In the records below, find the line that contains "RNlov online show" and the line that contains "Vintage Clip On Earrings - Image 10". Set down exactly those lines and every line between them, and nothing more.

Records provided:
[Start of section]
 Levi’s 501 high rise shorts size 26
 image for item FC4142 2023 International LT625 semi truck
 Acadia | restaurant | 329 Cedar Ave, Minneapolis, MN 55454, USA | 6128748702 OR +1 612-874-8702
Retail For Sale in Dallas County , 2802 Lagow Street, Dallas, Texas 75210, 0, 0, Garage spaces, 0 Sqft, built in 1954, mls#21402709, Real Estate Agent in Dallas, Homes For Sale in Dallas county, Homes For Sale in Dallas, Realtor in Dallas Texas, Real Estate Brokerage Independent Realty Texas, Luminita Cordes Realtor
[End of section]
[Start of section]
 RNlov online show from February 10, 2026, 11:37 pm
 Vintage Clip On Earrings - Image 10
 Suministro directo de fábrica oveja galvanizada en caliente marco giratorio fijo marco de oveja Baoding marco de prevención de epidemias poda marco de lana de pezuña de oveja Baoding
[End of section]
Written solution:
 RNlov online show from February 10, 2026, 11:37 pm
 Vintage Clip On Earrings - Image 10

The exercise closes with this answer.